Rupiah Falls Most in a Week, Bonds Decline on Inflation Concern
Indonesia’s rupiah declined by the most in a week and government bonds fell amid concern inflation will quicken from a 22-month high after the central bank indicated a reluctance to raise interest rates.
Consumer prices gained 5.9 percent from a year earlier in March, exceeding Bank Indonesia’s 2013 inflation target of 3.5 percent to 5.5 percent, official figures show. Even with March’s increase slightly exceeding Bank Indonesia’s goal, raising the benchmark interest rate isn’t easy, Governor Darmin Nasution said in Jakarta on April 5. Core consumer prices, which exclude food and energy costs, climbed 4.21 percent last month, the least since September.
“The rupiah’s trend is toward weakening as investors are growing more concerned over inflation,” said Fahrudin Haris Prastowo, foreign-exchange trader at PT Bank Rakyat Indonesia. “The central bank is unlikely to tighten in response as core inflation, an indicator for money supply, is still low.”
The rupiah fell 0.2 percent to 9,759 per dollar as of 10:12 a.m. in Jakarta, the biggest loss since April 1, prices from local banks compiled by Bloomberg show.
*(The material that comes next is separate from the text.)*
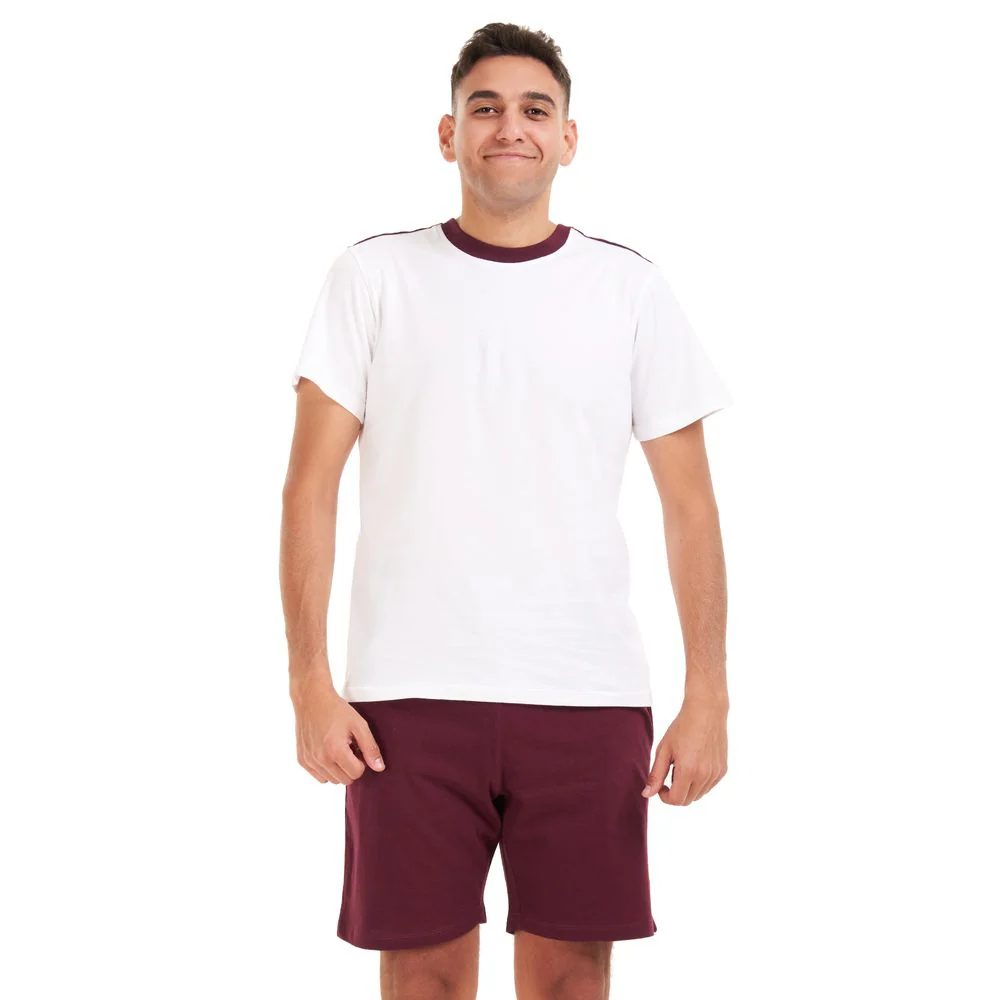 Men summer pajama set White T-shirt +Dark red shorts - Image 3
It traded at a 0.4 percent premium to its one-month non-deliverable forwards, which slid 0.1 percent to 9,798, data compiled by Bloomberg show.
A daily fixing used to settle the derivatives was set at 9,756 on April 5 by the Association of Banks in Singapore, from 9,752 the previous day. Today’s price will be published at 11:30 a.m. in the city-state. One-month implied volatility for the rupiah, a measure of expected moves in the exchange rate used to price options, fell eight basis points, or 0.08 percentage point, to 5.94 percent.
Global funds sold 3.99 trillion rupiah ($409 million) more of Indonesia’s local-currency sovereign debt than they bought since the holdings reached an all-time high of 284.85 trillion rupiah on March 14, finance ministry data show.
The central bank will likely keep the reference rate unchanged at a record-low 5.75 percent for a 14th month when it meets on April 11, according to all 10 economists in a Bloomberg survey. It may narrow the gap between the benchmark rate and the deposit facility rate, or Fasbi, from the current 4 percent, Societe Generale SA strategist Wee-Khoon Chong wrote in a note today.
The yield on the government’s 5.625 percent bonds due May 2023 was up two basis points at 5.59 percent, the highest since March 27, according to prices from the Inter Dealer Market Association.